Real-Time Transcriptions converts speech from any participant in a Video Room into text and sends that text to the Video Client SDKs (JavaScript, iOS, and Android). Your application can render the text in any style and format. Twilio supports multiple speech models and you can choose the model that best fits your use case.

Your app can implement transcriptions in two ways:

Start automatically when your app creates a Video Room.
Start, stop, or restart on demand while the Room is active.

You enable Real-Time Transcriptions at the Video Room level, so every participant is transcribed. You configure the spoken language and speech model, and the settings remain in effect until the Room ends. You can also set a default configuration in the Twilio Console.

When transcription is active, Twilio delivers the transcribed text, along with the Participant SID, to every participant in the Room.
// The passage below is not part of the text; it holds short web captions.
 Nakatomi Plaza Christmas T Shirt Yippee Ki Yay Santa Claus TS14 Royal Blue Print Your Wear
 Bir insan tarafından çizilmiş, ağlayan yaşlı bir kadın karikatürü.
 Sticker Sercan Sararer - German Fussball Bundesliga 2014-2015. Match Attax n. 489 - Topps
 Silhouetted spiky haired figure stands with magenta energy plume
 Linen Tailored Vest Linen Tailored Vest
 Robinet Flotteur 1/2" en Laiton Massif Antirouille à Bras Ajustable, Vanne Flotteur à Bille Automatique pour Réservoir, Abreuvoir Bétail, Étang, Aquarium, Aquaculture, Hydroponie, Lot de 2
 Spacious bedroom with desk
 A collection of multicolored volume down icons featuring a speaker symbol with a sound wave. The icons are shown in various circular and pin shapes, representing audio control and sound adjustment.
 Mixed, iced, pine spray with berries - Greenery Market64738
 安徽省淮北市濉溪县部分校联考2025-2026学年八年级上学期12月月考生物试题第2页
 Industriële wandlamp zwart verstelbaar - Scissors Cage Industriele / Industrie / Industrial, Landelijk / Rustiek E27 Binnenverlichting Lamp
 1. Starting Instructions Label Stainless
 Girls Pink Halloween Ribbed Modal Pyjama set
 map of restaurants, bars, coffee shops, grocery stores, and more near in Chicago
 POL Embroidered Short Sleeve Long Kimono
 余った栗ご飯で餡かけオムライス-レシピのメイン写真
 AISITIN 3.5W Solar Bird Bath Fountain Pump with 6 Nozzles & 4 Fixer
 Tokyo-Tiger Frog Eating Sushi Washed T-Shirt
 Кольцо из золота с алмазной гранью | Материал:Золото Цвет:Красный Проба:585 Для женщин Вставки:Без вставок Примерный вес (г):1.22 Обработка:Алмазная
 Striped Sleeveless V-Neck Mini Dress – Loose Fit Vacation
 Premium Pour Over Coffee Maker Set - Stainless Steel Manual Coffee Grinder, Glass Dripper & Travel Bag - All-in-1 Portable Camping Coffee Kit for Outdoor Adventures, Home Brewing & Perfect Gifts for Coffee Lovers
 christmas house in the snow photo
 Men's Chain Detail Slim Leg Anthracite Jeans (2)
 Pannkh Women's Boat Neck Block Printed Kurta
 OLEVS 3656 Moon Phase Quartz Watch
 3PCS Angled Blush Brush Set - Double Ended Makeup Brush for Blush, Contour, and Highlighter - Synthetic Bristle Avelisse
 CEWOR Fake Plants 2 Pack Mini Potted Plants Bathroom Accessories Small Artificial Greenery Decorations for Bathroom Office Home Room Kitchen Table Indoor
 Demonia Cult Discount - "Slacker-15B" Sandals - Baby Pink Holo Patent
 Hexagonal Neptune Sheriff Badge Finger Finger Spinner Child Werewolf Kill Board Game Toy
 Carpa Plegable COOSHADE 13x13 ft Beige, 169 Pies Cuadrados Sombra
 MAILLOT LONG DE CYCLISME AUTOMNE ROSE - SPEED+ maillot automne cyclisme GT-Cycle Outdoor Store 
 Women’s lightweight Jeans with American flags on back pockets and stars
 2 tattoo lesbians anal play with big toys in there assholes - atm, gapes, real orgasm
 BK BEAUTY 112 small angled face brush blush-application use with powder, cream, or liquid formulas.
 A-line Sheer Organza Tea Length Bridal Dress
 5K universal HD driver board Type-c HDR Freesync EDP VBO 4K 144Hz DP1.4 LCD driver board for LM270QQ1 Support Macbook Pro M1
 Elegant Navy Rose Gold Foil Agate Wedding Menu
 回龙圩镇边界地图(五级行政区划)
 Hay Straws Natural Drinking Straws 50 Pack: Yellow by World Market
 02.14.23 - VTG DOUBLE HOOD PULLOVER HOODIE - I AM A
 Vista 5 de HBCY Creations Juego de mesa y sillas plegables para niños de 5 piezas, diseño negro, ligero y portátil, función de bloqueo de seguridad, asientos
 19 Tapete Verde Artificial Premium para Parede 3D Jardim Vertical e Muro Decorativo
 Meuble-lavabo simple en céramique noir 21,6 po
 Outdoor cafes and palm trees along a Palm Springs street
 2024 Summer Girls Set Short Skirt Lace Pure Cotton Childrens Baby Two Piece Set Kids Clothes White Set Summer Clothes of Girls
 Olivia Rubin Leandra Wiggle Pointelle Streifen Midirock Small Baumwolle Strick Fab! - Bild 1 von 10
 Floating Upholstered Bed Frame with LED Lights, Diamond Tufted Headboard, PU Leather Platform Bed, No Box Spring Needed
If you enable partial results, the transcription engine delivers interim results so that your app can refresh the UI in near real time.

REST APIs

Transcription resource

Transcription is a subresource of the Room resource that represents a Room's transcript. The resource URI is:

/v1/Rooms/{RoomNameOrSid}/Transcriptions/{TranscriptionTtid}

Property	Type	Description
`ttid`	`ttid`	The Twilio Type ID of the Transcription resource. It is assigned at creation time using the following format: `video_transcriptions_{uuidv7-special-encoded}`.
`room_sid`	`SID<RM>`	The ID of the room instance parent to the Transcription resource.
`account_sid`	`SID<AC>`	The account ID that owns the Transcription resource.
`status`	`enum<string>`	The status of the Transcription resource. It can be: `started`, `stopped` or `failed`. The resource is created with status `started` by default.
`configuration`	`object<string-map>`	Key value map with configuration parameters applied to audio tracks transcriptions. The following body parameters are supported: `PartialResults`, `LanguageCode`, `TranscriptionEngine`, `ProfanityFilter`, `SpeechModel`, `Hints`, `EnableAutomaticPunctuation`.
`date_created`	`string<date-time>`	The date and time in GMT when the resource was created, specified in ISO 8601 format.
`date_updated`	`string<date-time>`	The date and time in GMT when the resource was last updated, specified in ISO 8601 format.
`start_time`	`string<date-time>`	The date and time in GMT when the resource last transitioned to state `started`, specified in ISO 8601 format.
`end_time`	`string<date-time>`	The date and time in GMT when the resource last transitioned to state `stopped`, specified in ISO 8601 format.
`duration`	`integer`	The time in seconds the transcription has been in state `started`.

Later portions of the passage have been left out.